1. Arbeitsorganisation und Qualifikationsanforderungen Veränderte Organisationsstrukturen und neue Formen der Arbeitskoordination führen zum verstärkten Bedarf an nichtfachlichen Kompetenzen. Das formale Ausbildungsniveau kann nur ein Indiz für die spezifisch notwendigen Qualifikationen sein. Qualifikation hebt sich von reinen formalen Bildungsabschlüssen ab und beinhaltet ein breites Spektrum an Kompetenzen, die für den Gebrauch im Arbeitsmarkt bestimmt sind (vgl. z.B. Gonon 1998). Am geläufigsten ist in der Pädagogik die Unterscheidung von den drei S-Kompetenzen: Selbst-, Sozial- und Sachkompetenzen. Selbstkompetenzen fassen ein Bündel von Fähigkeiten zusammen: Selbstverantwortung, Kreativität, Ideenreichtum, Selbständiges Denken und Entscheiden, Psychische und Physiche Belastbarkeit, Problemlösungsfähigkeit und Flexibilität bei neuen Anforderungen. Sozialkompetenzen bezeichnen die zur Interaktion nötigen Fähigkeiten wie Kommunikationsfähigkeit, Einfühlungsvermögen, Konfliktfähigkeit, Kontaktfreudigkeit, Teamfähigkeit, Fähigkeit sich und andere zu informieren sowie Planungs- und Organisationsfähigkeit. Die Sachkompetenz bezeichnet die eigentlichen Fachkompetenzen: das spezifische Know-How, welches es zur Ausübung eines bestimmten Berufes braucht. Ein häufig verwendetes Wort ist das der Schlüsselqualifikationen, es soll diejenigen Qualifikationen bezeichnen, die als Schlüssel zu weiteren Qualifikationen dienen und nicht einer Entwertung in der Zeit unterliegen. Die Forschungsergebnisse verstärken die Erkenntnis, dass Selbst- und Sozialkompetenzenjeweils in Ergänzung zu Sachkompetenzen verlangt werden.

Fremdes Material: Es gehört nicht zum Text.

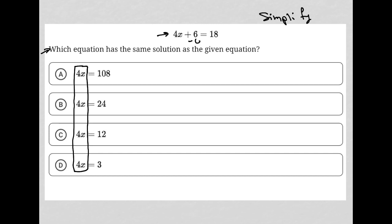We can simply do that by subtracting 6 from both sides of our equation, leaving us with 4x equals 12, and therefore choice C is the correct answer.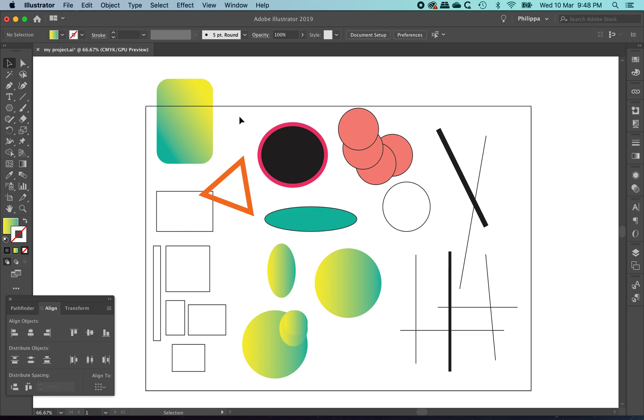That's it for this little video showing you how to work with objects in Adobe Illustrator. Thank you.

2. Tätigkeitsprofile anstatt Berufe Betrachten wir die aktuelle Situation auf dem Arbeitsmarkt, dann sehen wir, dass 1998 bei einer Arbeitslosenquote von 3,9%, sich 142'000 Erwerbslose und 13 327 offene Stellen gegenüberstehen. Der Mangel betrifft grösstenteils gelernte Arbeitskräfte. Dieses Phänomen nennt man in der Volkswirtschaft: das Mismatching-Problem von Angebot und Nachfrage. In den 80ger Jahren, wollte die Wissenschaft diesem Mismatching-Problem mit gezielten Bedarfsanalysen nach Berufsgruppen entgegenwirken. Leider erfolgte die bedarfsgerechte" Produktion von Berufsfachleuten zeitverzögert und kollidierte ausserdem mit langfristig instabilen Prognosen. Inzwischen hat man sich vom Arbeitskräftebedarfsdeckungsansatz verabschiedet. Das Institut für Arbeits- und Berufsforschung in Nürnberg erstellt heute noch Zukunftsprognosen nach Tätigkeitsfeldern für einzelne Branchen. Damit reagiert es auf die theoretische und empirischen Erkenntnis über den Zerfall an der Kategorie Beruf. Das Schweizer Bundesamt für Statistik hat ein von Berufen unabhängiges Kategorienschema, das der sozioprofessionellen Kategorien, entwickelt. Auch die Qualifikationsforschung befasst sich zunehmend mit dem Wandel von Berufsrollen oder Tätigkeitsprofilen anstelle von Berufen. Gerade die Forderung der Arbeitgeber nach besser und breiter ausgebildeten Personal ist ein Hinweis auf eine inhärente Veränderung der Tätigkeitsprofile. Denn der aktuelle Wandel der Arbeitswelt schlägt sich nieder in einer Vielzahl von bereits bekannten und neuen Organisationsformen, zunehmender Informatisierung in den meisten Arbeitsbereichen und damit verbundenen neuen Kooperationsformen und Arbeitsinhalten. In der deutschen Arbeitssoziologie spricht man deswegen schon länger von dem Strukturwandel der Arbeit, dem wir auch in der Schweiz verstärkt Beachtung schenken sollten.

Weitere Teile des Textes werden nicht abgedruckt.